Kenaikan HPP Beras Hanya Impas

Keputusan pemerintah menaikkan 13%-14% harga pembelian pemerintah (HPP) untuk gabah atau beras dinilai tepat di saat memasuki panen raya April ini. Namun, kenaikan itu hampir setara dengan fleksibilitas Bulog untuk menyerap beras/gabah petani selama ini, sehingga Perum Bulog tetap akan kesulitan menyerap di lapangan.

Setelah lima tahun tak ada perubahan, pemerintah akhirnya mengubah HPP untuk gabah dan beras petani yang akan ditebus Perum Bulog untuk dijadikan cadangan pangan pemerintah. Namun, berbeda dengan aturan sebelumnya, kini perubahan HPP beras/gabah diatur melalui Peraturan Menteri Perdagangan No. 24 Tahun 2020 tentang Penetapan Harga Pembelian Pemerintah (HPP) Gabah atau Beras, yang diteken Menteri Perdagangan Agus Suparmanto pada 16 Maret 2020. Selama ini, aturan HPP selalu menggunakan instruksi presiden (Inpres), di mana aturan perberasan terakhir adalah Inpres No. 5 Tahun 2015.

Terbitnya Permendag sendiri ternyata mengacu Peraturan Presiden No. 48/2016 tentang Penugasan Kepada Perum Bulog dalam Rangka Ketahanan Pangan Nasional. Dalam Pasal 4 ayat (2) memang disebutkan, dalam rangka pengelolaan cadangan pangan pemerintah (yang akan dikelola Bulog), Menteri (Perdagangan) menetapkan HPP.

“Kebijakan HPP untuk gabah dan beras ini diterbitkan bertepatan dengan momentum jelang panen raya yang mundur ke April 2020 dan telah menyesuaikan kondisi harga saat ini. Melalui kebijakan HPP ini, diharapkan Perum Bulog akan lebih optimal dalam menyerap gabah atau beras dari petani untuk memperkuat stok Pemerintah dan dapat menjamin ketahanan pangan,” ujar Mendag Agus Suparmanto.
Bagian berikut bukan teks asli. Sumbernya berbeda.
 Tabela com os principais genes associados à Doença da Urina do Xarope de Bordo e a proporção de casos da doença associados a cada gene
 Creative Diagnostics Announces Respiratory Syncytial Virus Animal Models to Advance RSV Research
Hanya saja, kenaikan itu dinilai Dede Samsudin, Ketua Gabungan Kelompok Tani Sri Asih, Desa Ciptamarga, Kecamatan Jayakerta, Kabupaten Karawang, Jabar masih akan menyulitkan Bulog menyerap beras petani karena harga sudah lebih tinggi dari HPP terbaru sekalipun. Apalagi, kenaikan itu tak jauh dari angka fleksibilitas Bulog selama ini dalam menyerap beras petani, yakni 10% di atas HPP 2015. “Bagaimana Bulog bisa mendapatkan gabah kalau harga gabah di tingkat petani sudah lebih tinggi,” katanya, Sabtu (4/4/2020).
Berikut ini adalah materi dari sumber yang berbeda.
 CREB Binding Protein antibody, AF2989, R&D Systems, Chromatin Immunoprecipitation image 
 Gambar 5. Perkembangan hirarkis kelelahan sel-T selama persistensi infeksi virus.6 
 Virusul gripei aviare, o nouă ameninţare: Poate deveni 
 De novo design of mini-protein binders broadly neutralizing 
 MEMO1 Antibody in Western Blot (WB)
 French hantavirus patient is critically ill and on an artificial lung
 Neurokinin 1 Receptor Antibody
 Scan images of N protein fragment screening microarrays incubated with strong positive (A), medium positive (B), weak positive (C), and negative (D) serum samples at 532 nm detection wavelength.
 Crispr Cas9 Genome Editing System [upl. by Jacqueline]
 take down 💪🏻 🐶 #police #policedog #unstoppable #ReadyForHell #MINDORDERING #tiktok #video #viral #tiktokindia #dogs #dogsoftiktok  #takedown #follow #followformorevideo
Ketua Kelompok Tani Nelayan Andalan (KTNA), Winarno Tohir juga sependapat. Meski kenaikan itu sinyal positif untuk perdagangan gabah ke depan, tapi dia menilai kenaikan itu hanya menyesuaikan dengan tingkat inflasi. “Harga itu sebetulnya tidak naik. Ya, sudah pas dengan harga break event point (titik impas), meski relatif jauh lebih bagus,” katanya. Itu sebabnya, agar Bulog optimal menyerap gabah petani, KTNA mengusulkan program Bantuan Pangan Non Tunai (BPNT) bisa ditangani langsung oleh Bulog selaku pemasok komoditas beras. Tanpa perubahan itu, Bulog akan kesulitan memasarkan berasnya, yang berimbas pada kemampuan Bulog menyerap gabah petani. AI

Laporan selengkapnya baca: Tabloid AgroIndonesia, Edisi No. 761 (7-13 April 2020)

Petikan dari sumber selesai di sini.